There’s a big group of us at Waitewaewae Hut in the Tararuas. I suppose I should take just a moment to explain about New Zealand’s hut culture. It’s not entirely unique to this island nation, but there are 1400 huts scattered over a country with a smaller population than the state of Minnesota, and their value is deeply embedded in Kiwi culture. 

Huts started out in the 19th century as simple structures with a simple purpose, to shelter from the storm. They were used in the backcountry by farmers, miners, sheep musters, and animal control in a country filled with introduced species like possum and stoat reeking havoc on the bush. 

Over time, Kiwis developed nostalgia for huts, so it was only natural at the dawn of the 20th century huts became a way to create an egalitarian infrastructure around tramping and enjoying the beauty of this land. 

Hut life demands patience and consideration for each other. It’s first come, first serve and everything is shared, the water in a tank of collected rain water from the roof, the cooking space – usually just one long counter – the drying area, and the bunks themselves which might be in the Maori tradition of one long shelf where each hiker arranges their mattress in a row. 

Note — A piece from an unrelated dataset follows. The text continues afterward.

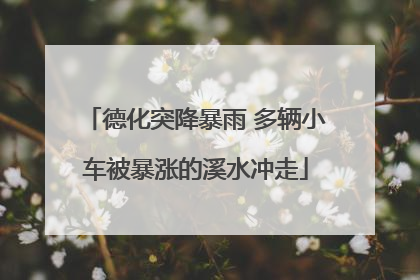 德化突降暴雨 多辆小车被暴涨的溪水冲走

That’s how I slept up a ladder in the loft with the two Germans I met at Dracophyllum and Koen, a teenaged Dutchman I met way up in Northland.  I have tuna for breakfast and wait for the expat from Cornwall named Julian to finish his muesli and coffee because he told me he knows the shortcut across the river.

Which it turns out he doesn’t.

So we end up crossing in minor rapids before climbing high above the river through muddy blowdown and tripping roots, me f-bombing for most of the start. Somehow that endears me to Julian and we become like long lost tramping pals, separated at birth. 

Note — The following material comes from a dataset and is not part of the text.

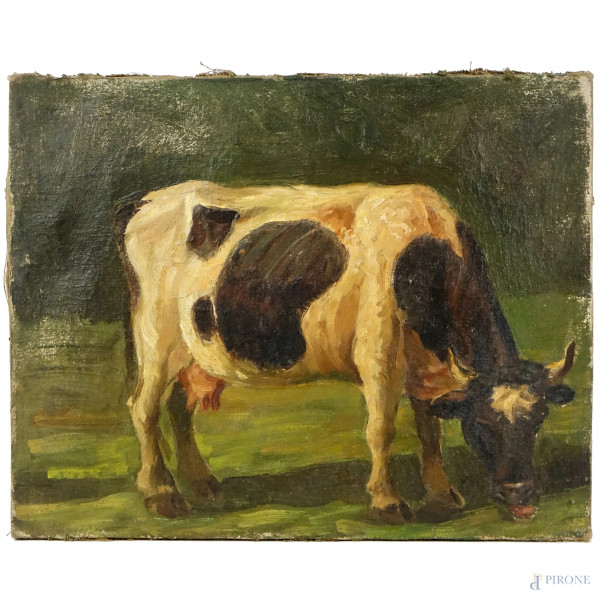 La mucca, olio su tela, cm 32,5x40, XX secolo, (difetti).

But Julian doesn’t muscle the climbs like I do, stepping high and heaving my body. Rather, he jumps. It’s actually remarkable his skill at managing this awful, root filled clagg – and with only one pole since he snapped the other yesterday on that savage downhill.

So I, at least try to, mimic his style, leaping up and thrusting myself over, under and down the wild terrain. Julian talks non-stop about his wild adventures in New Zealand as we grind away on this misery of a trail. He talks about how English people tease relentlessly those they like the most and how he loves the attitude of professional fighters hazing their opponents. That in particular opens my eyes to a different attitude, one up for the challenge, and also a bit more pugnacious when the situation calls for it.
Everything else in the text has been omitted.